Anatula Sudhakar v. P. Buchi Reddy

Statement of Facts

This appeal for special leave is by the defendant in a suit for permanent injuction. Puli Chandra Reddy and Puli Buchi Reddy were the plaintiffs in the said suit. Both the plaintiffs claimed to be the respective owners in possession of the said two sites having purchased them under two registered sale deeds dated 9.12.1968 from Rukminibai. When they were digging trenches in order to commence construction, the defendant interfered with said work. The plaintiffs filed a suit for permanent injuction to restrain the defendant from interfering with their possession. Defendant resisted the suit claiming that suit property measuring 300sq. yards in premises No. 13/776 was purchased by him from K.V. Damodar Rao, brother of Rukminibai. He had also obtained a loan for such construction from the Central Government by mortgaging the said property. According to him, when he commenced construction in the said property, the plaintiffs tried to interfere with his possession and filed a false suit claiming to be in possession.

Issues Raised

  1. Whether the plaintiffs are in exclusive possession of the suit sites?
  2. Whether the defendant has interfered with the possession of the plaintiffs over the split plots?
  3. Whether the plaintiffs are entitled to permanent injunction? And to what relief?

Critical Analysis

A step in the right direction was taken by the High Court in its judgement of Anatula Sudhakar V. P. Buchi Reddy. The High Court by its judgement dated 18.1.1991 allowed the second appeal and restored the judgement and decree of the Irial Court and consequently held that plaintiffs had established their title in regard to the two vacant sites purchased by them and drew an inference that possession was presumed to be with them by applying the principle of possession follows title. The HC also held that it was not necessary to plaintiffs to sue for declaration of title, as the question of title could be examined incidental to the question of possession.

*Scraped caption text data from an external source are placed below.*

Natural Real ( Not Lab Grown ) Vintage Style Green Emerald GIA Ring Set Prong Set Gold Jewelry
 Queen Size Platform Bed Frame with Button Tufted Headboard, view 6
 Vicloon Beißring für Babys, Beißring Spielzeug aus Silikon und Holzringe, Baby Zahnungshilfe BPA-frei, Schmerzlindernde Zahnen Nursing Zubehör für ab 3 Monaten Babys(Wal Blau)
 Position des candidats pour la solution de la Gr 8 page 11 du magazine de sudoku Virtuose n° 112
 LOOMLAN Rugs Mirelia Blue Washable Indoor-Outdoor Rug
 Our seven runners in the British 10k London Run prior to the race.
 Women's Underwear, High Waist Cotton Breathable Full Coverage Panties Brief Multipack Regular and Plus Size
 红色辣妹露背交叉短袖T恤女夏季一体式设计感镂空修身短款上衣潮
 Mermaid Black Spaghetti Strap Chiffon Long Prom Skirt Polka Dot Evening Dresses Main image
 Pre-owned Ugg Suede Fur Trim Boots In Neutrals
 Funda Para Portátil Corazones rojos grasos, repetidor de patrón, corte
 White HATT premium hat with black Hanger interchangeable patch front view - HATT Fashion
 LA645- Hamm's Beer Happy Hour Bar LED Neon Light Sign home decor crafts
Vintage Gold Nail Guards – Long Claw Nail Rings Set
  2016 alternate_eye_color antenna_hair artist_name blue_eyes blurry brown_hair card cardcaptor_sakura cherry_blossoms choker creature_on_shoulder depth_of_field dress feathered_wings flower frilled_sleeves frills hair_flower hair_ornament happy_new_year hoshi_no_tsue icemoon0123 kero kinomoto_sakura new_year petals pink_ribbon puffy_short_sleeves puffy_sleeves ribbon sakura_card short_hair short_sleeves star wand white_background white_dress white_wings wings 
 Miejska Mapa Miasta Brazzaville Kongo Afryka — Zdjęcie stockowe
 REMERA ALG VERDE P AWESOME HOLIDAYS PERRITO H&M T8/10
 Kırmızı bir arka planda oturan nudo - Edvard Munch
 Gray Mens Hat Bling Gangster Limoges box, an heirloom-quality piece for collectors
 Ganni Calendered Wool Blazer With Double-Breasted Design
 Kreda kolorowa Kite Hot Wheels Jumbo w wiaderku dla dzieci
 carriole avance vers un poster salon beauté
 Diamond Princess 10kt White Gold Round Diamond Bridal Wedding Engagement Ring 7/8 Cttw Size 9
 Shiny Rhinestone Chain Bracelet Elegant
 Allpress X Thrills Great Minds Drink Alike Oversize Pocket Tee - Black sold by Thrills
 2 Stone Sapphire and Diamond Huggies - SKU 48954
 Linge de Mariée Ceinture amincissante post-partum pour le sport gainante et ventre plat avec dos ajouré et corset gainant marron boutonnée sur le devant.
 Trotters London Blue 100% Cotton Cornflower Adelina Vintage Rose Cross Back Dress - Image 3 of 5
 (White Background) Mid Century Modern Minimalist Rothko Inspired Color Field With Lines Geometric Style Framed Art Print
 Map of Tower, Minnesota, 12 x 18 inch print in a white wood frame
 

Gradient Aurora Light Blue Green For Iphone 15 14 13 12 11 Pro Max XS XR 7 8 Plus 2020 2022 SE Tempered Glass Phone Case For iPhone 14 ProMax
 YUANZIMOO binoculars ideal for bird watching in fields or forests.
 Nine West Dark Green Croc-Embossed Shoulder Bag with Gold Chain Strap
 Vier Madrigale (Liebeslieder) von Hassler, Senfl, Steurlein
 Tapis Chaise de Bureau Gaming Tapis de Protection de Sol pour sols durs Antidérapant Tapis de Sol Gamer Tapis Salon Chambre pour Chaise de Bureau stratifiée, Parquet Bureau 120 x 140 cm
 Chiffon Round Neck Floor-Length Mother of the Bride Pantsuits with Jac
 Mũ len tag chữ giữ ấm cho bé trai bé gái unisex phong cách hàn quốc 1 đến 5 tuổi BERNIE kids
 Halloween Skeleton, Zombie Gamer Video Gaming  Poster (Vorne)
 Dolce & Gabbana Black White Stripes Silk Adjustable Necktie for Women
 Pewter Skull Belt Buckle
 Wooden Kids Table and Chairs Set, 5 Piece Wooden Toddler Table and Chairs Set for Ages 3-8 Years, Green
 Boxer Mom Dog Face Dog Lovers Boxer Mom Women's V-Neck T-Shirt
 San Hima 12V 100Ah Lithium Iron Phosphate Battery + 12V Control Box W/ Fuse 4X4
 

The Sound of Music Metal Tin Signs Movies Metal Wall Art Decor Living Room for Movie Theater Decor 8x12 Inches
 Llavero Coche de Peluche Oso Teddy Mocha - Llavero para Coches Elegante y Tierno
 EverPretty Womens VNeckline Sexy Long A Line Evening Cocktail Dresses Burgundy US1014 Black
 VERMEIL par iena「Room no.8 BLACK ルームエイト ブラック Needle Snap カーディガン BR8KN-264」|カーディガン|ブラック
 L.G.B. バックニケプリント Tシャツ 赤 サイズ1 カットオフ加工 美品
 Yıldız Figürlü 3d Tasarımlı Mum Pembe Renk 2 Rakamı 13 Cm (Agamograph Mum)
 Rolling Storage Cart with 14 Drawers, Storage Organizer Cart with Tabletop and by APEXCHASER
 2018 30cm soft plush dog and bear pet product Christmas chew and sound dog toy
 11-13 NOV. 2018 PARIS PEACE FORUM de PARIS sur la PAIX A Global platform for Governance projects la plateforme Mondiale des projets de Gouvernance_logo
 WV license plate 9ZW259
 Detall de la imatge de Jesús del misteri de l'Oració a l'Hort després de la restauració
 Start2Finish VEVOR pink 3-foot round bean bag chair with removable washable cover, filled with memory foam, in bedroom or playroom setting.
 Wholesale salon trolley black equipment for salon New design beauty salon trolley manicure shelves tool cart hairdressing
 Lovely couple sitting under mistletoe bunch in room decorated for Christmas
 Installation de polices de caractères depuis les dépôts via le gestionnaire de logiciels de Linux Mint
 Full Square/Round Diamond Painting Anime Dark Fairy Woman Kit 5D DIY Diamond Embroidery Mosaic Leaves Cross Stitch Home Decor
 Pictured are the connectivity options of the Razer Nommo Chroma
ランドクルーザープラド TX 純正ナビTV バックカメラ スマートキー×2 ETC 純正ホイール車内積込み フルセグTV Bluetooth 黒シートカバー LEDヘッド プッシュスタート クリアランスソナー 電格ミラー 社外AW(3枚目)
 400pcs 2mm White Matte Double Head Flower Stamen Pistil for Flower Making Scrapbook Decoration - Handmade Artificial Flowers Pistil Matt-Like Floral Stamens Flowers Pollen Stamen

There was some confusion as to what circumstances the question of title will be directly and subsequently in issue in the suit for injunction simpliciter. In Vanagri Sri Selliamam Ayyanar Uthirasomasundareswarar Temple V. Rajanga Asari AIR 1965, Madras High Court considered an appeal arising from a suit for possession and injunction. The defendant contended that the plaintiff had filed an earlier suit for injunction which was dismissed, and therefore the plaintiff was precluded from agitating the issue of the title in the subsequent title suit, being barred by the principal of res judicata. It was held that the earlier suit was only for injunction and the averments in the plaint did not give rise to any question necessitating denial of plaintiffs title by the defendant, and as the earliest suit was only concerned only with possessory right and not title, the subsequent suit was not barred. There are several decisions taking similar view that in a suit for injunction, the question of title does not arise or would arise only incidentaly or collateraly, and therefore a subsequent suit for declaration oof title would not be barred. The judgement by the High Court has stated an effective decision and restoring the decree of the trial court in favour of the plaintiffs that the plaintiffs and their witnesses gave evidence to the effect that Damodar Rao represented that his sister Rukminibai was the owner of the plot and negotiated for the sale of the several portions thereof in favour of the plaintiffs. Further, where title of plaintiffs is disputed and claims for possession is purely based on tiltle, and the plaintiffs have to rely on various principles of law relating to ostensible ownership and section 41 of TPA, validity of an oral gift by way of ‘Pasupu Kumkumam’ under Hindu Law, estoppel and acquiescene, to put forth a case of title, such complicated questions could properly be examined only in a title suit, that is a suit for declaration and consequential reliefs and in a suit for an injunction simppliciter.